Толпа протолкнула его в узкий таможенный коридор. Он видел её еще какое-то время, оборачиваясь и приглядываясь через головы идущих следом. Потом она исчезла, а он, плохо понимая, что происходит, как в тумане прошел все необходимые проверки и зашёл в салон самолёта. Сразу появилось ощущение, что, переступив порог, он попал на родину. Громкая арабская речь, песни – радость лилась через край у возвращающихся домой студентов. Ахмед был не то чтобы расстроен, он терял рассудок. Его сердце билось еле слышно, мозг, больше не выдерживая перегрузок, не связывал происходящее вокруг воедино, а в голове крутились разрозненные странные мысли. Его жизнь, как калейдоскоп, представлялась то начинающейся с чистого листа, то законченной. Общежитие на улице Семашко, маленькая уютная квартира в соседнем районе, большая профессорская квартира, живописная тётя Циля, кафедра стоматологии, Михаил Яковлевич Коферман, Анжела… Анжела… Сын…

«Сын!»

«Мой сын!»

Он закрыл глаза, чтобы выглядеть спящим и избежать общения. В висках пульсировало «сын, сын, сын…» Подошла стюардесса, поинтересовалась, как он себя чувствует. Ахмед попросил стакан воды, но проницательная девушка накапала ему в маленький стаканчик каких-то капель, после которых Ахмед почувствовал облегчение. Дышать стало легче, как после ослабления туго затянутого галстука. И незаметно он уснул болезненным и тяжелым сном без сновидений.

Самолёт приземлился в аэропорту Бейрута и страница перевернулась. Всё-таки ей будет тяжелее, жить там же, где жила вместе с ним, ходить по тем же улицам, общаться с теми же людьми.

С трапа самолёта в летнюю жару Бейрута он спустился уже спокойным. То ли лекарство, то ли море и родные пейзажи так исцеляюще подействовали на его психику. Шумная арабская речь радовала слух. Он отвык от этих эмоций, льющихся через край, как весёлый, полный жизни ручей по разнорельефной почве: то загадочно журча по равнине, то грохоча по каменистому склону, то шумно падая с обрыва. В Минске он не слышал такой яркой речи. Там даже шутили, что если в автобусе очень громко разговаривают, значит в нем едут арабские студенты.

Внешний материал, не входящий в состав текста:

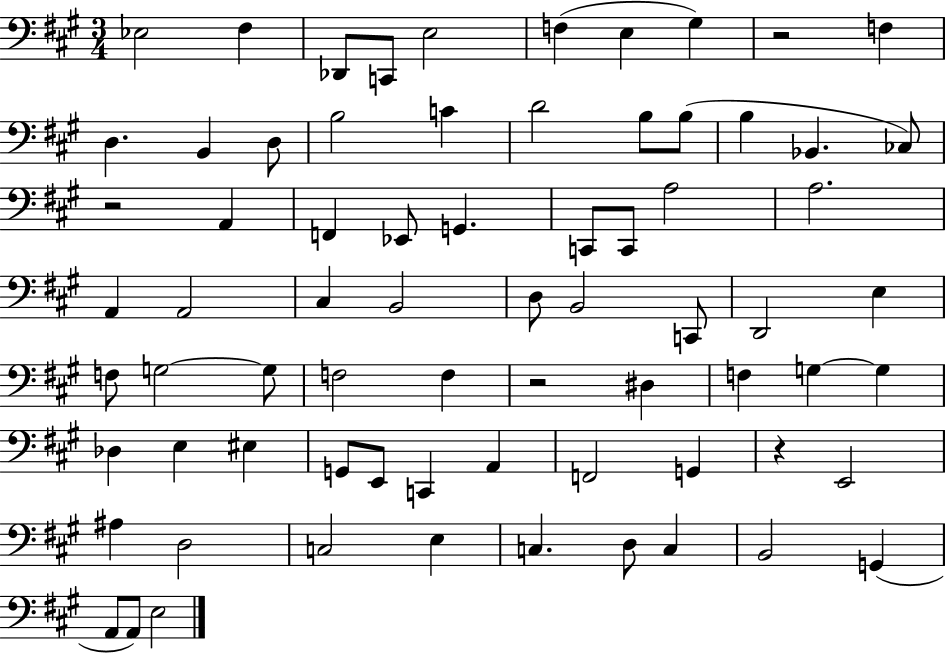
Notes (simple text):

Eb3/h F#3/q Db2/e C2/e E3/h F3/q E3/q G#3/q R/h F3/q D3/q. B2/q D3/e B3/h C4/q D4/h B3/e B3/e B3/q Bb2/q. CES3/e R/h A2/q F2/q Eb2/e G2/q. C2/e C2/e A3/h A3/h. A2/q A2/h C#3/q B2/h D3/e B2/h C2/e D2/h E3/q F3/e G3/h G3/e F3/h F3/q R/h D#3/q F3/q G3/q G3/q Db3/q E3/q EIS3/q G2/e E2/e C2/q A2/q F2/h G2/q R/q E2/h A#3/q D3/h C3/h E3/q C3/q. D3/e C3/q B2/h G2/q A2/e A2/e E3/h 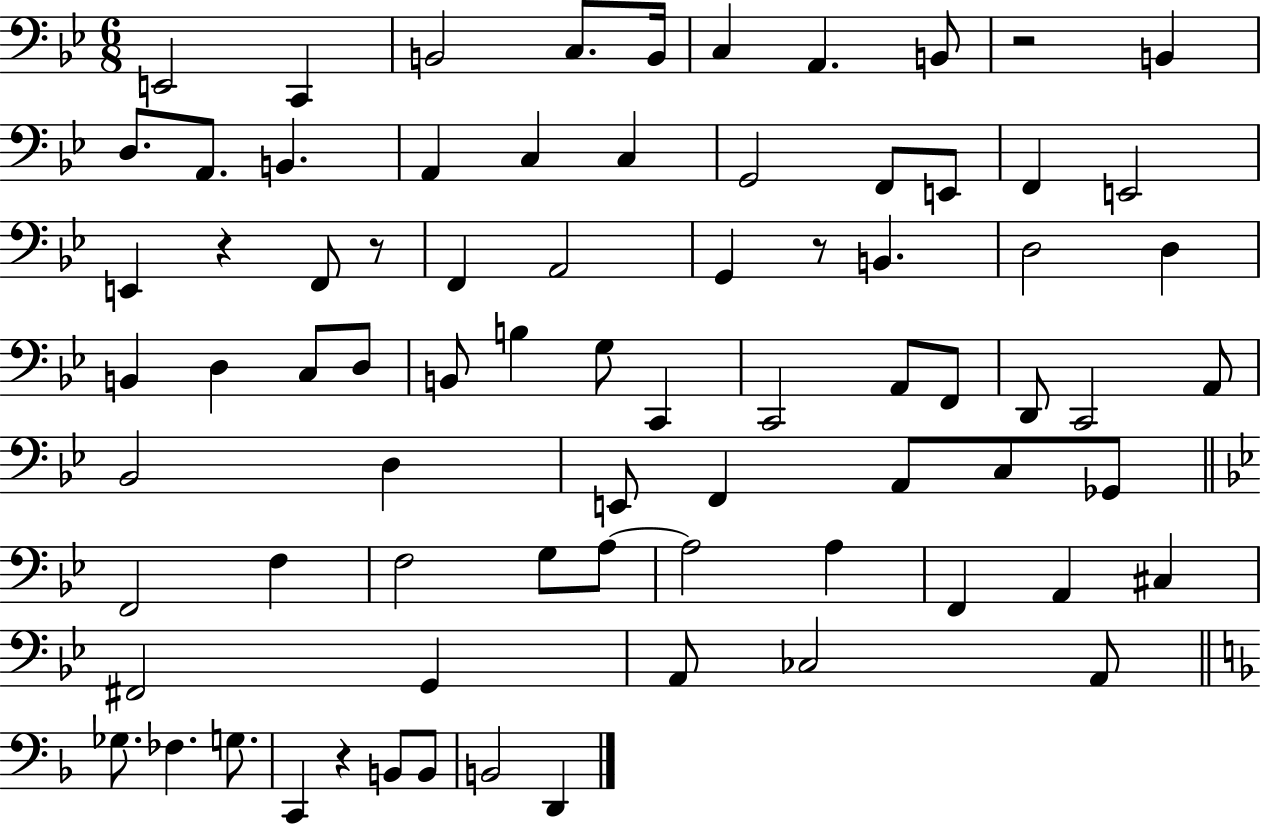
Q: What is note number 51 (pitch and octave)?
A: F3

Когда Ахмед начинал учиться, он пугался этой сдержанности и спокойствия белорусского народа. Ему казалось, что в утренний рацион любого местного жителя наряду с посещением туалета и чисткой зубов входит приём сильнодействующего успокоительного. Ну как можно совершить ДТП и, тихо обсуждая, искать выход? Или влезть в переполненный автобус и не сказать успешно запрыгнувшему конкуренту пару ласковых слов на дорогу? А они могли!

Нет, у ливанцев всё от души!

Единственный раз, когда он почувствовал схожий темперамент и интерес к людям, был на экскурсии в Одессе. Они отстали от группы и искали дорогу к оперному театру. Навстречу шла пожилая, не очень ухоженная дама с продуктовыми сумками, одним словом, местная, ведь туристы обычно очень старались выглядеть достойно.

– Вы не подскажете, как пройти к оперному театру?

– А вы откуда приехали?

– Мы из Минска, отстали от группы.

– И вы, юноша, из Минска? – заподозрила дама неладное, глядя на чернявого паренька с ярко выраженным акцентом.

– Я ливанец, но учусь в Минске. Вы покажете куда идти, а то мы потеряемся совсем?

– Да, да, сейчас, конечно. – она было повернулась показывать, но вернулась и с хитринкой в глазах спросила: – А на кого вы сказали, учитесь?

– Бабушка, мы учимся на врачей, вы нам дорогу покажете?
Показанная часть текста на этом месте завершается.